There's a reason most games have a combat system. Without the system, it usually comes down to GM fiat. Like it or not, it's just not as exciting as a situation where you have to use your wits, ingenuity, and luck to survive. Or in the case of d20, level, feats and knowledge of holes in the system.
If you're playing a Star Wars game based around politics in the Old Republic senate and only get into a fight once every few weeks, who cares if the combat is realistic.
"Realistic" combat is a red herring. What matters is that the combat is exciting, a bit dangerous, and above all interesting. In other words, few people want realistic combat for its own sake. They do, however, tend to want
plausible combat in the context of the setting. And in the campaign you described, the stakes in an eventual fight would tend to be far higher, and therefore the need for good rules would correspondingly
increase.
Rules that provide strange consequences would interfere with the illusion, because if you know metagaming will result in victory, the suspension of disbelief will suffer, even if you don't use your knowledge actively.
In fact, having a simple and efficient system becomes the highest priority, since the exact turn by turn results are irrelevant compared to the story effects of the fact that there was combat.
Again, I disagree, as the reasons stated above lead me to a different conclusion.

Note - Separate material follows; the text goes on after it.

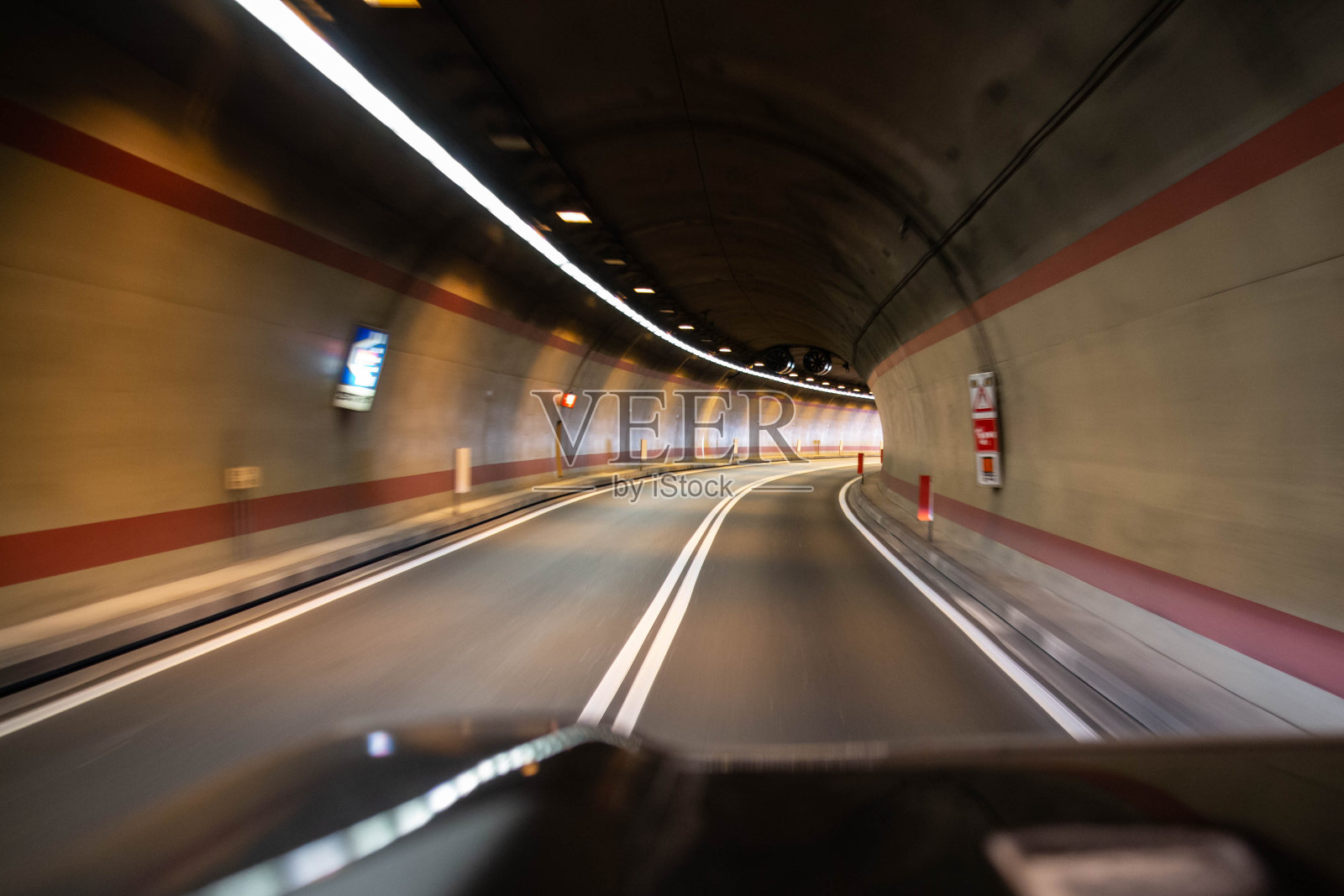 意大利加尔达湖的隧道照片摄影图片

Which was what, the D6 version with higher damage? Since I've never played that, I can't offer any opinion on it.
No, this.
Eleas wrote:
I think a good solution is the one used in Västmark, where there are three kinds of wounds - Scratch, Wound, and Serious Wound. A mook given a Serious Wound is dead automagically. A character, on the other hand, is just down, in pain, comatose, bleeding, etc. Anything worse is up to circumstances, the GM, and the stupidity of the given situation.